Prevalence of micronutrient deficiencies among women (15–49 years) by region and nationally

	Anaemia, %	ID, %	IDA, %	Iodine deficiency, %	Vitamin A deficiency, %	Folate insufficiency, %	Inflammation, %
Dushanbe	20.0	32.2	10.1	72.8	38.5	15.6	88.9
Khatlon	34.4	30.3	15.2	51.4	66.6	22.8	80.8
Sughd	19.4	45.4	11.2	43.2	44.4	14.6	79.1
DRS	22.2	41.2	14.8	65.0	36.4	25.7	76.9
GBAO	31.8	40.4	17.9	74.1	47.7	35.3	86.8
rural	27.8	40.2	15.3	58.7	47.7	24.9	80.5
urban	21.2	34.0	10.9	66.8	44.3	18.8	86.1
National (weighted)	25.8	38.0	13.8	61.5	46.5	20.5	82.5
Indicator and cut‐off	Hb < 12 g/dl (WHO, 2011a)	SF < 15 ng/ml or TfR > 3.3 μg/ml (WHO/CDC, 2007)	Hb < 12 g/dl plus SF < 15 ng/ml or TfR > 3.3 μg/ml (WHO/CDC, 2007)	UIC < 100 μg/L (WHO, 2013)	RBP ≤ 0.70 μmol/L (WHO, 2011b)	Folate<3 ng/ml (WHO, 2015)	CRP > 5 μg/ml

Note. Hb adjusted to altitude (Sullivan et al., 2008); SF adjusted for inflammation (Thurnham et al., 2010); RBP adjusted for inflammation (Thurnham et al., 2003).
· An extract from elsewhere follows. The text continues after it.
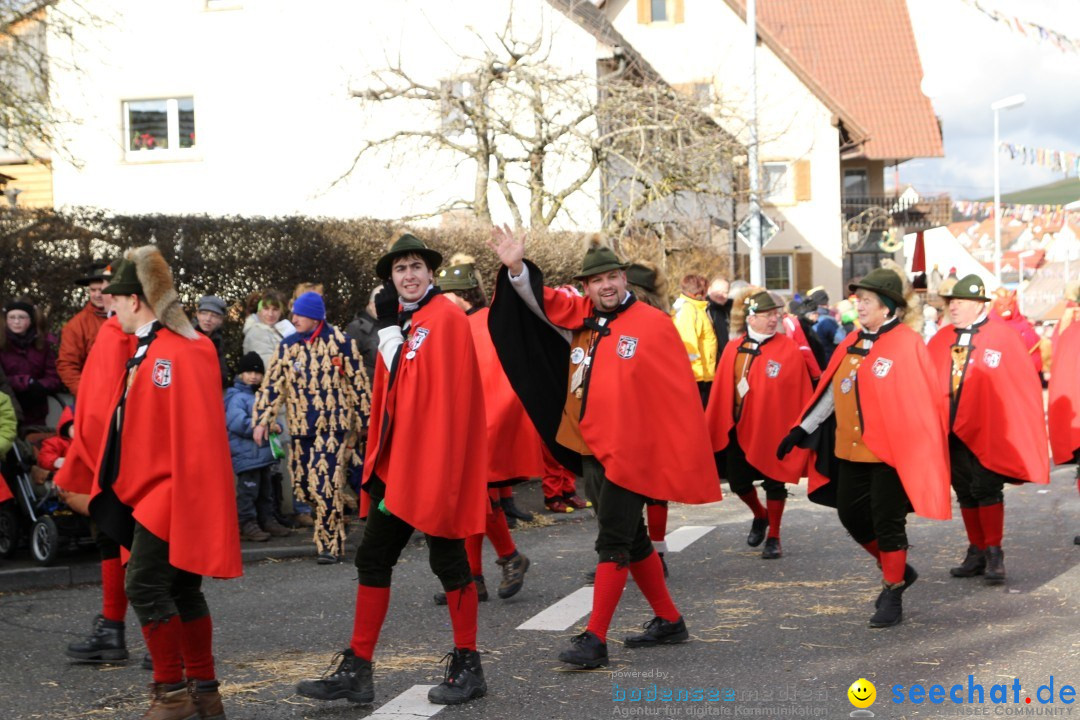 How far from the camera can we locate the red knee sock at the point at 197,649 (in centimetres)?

Abbreviations: CRP, C‐reactive protein; Hb, haemoglobin; ID, iron deficiency; IDA, iron deficiency anaemia;SF, serum ferritin; TfR, transferrin receptor; UIC, urinary iodine concentration.

Table 2

Prevalence of micronutrient deficiencies among children (6–59 months) by region and nationally

	Anaemia, %	ID, %	IDA, %	Iodine deficiency, %	Vitamin A deficiency, %	Vitamin D deficiency, %	Inflammation, %
Dushanbe	16.5	44.0	9.5	62.2	21.0	19.4	67.6
Khatlon	29.4	54.5	18.6	48.9	37.0	22.5	59.5
Sughd	23.4	67.2	17.0	42.6	49.7	8.6	64.0
DRS	25.5	38.4	11.9	57.2	41.5	9.3	63.7
GBAO	43.4	59.0	28.7	67.7	36.0	2.6	65.4
rural	31.7	55.1	20.1	55.3	46.4	9.6	63.8
urban	19.4	47.3	11.0	57.1	29.3	17.9	64.5
National (weighted)	25.8	52.4	16.9	50.9	37.0	12.4	64.0
Indicator and cut‐off	Hb < 11 g/dl (WHO, 2011a)	SF < 12 ng/ml or TfR > 3.3 μg/ml (WHO/CDC, 2007)	Hb < 11 g/dl plus SF < 12 ng/ml or TfR > 3.3 μg/ml (WHO/CDC, 2007)	UIC < 100 μg/L (WHO, 2013)	RBP ≤ 0.70 μmol/L (WHO, 2011b)	Vitamin D < 19.6 ng/ml (Basatemur et al., 2017; Braegger et al., 2013)	CRP > 5 μg/ml

Note. Hb adjusted to altitude (Sullivan et al., 2008); SF adjusted for inflammation (Thurnham et al., 2010); RBP adjusted for inflammation (Thurnham et al., 2003).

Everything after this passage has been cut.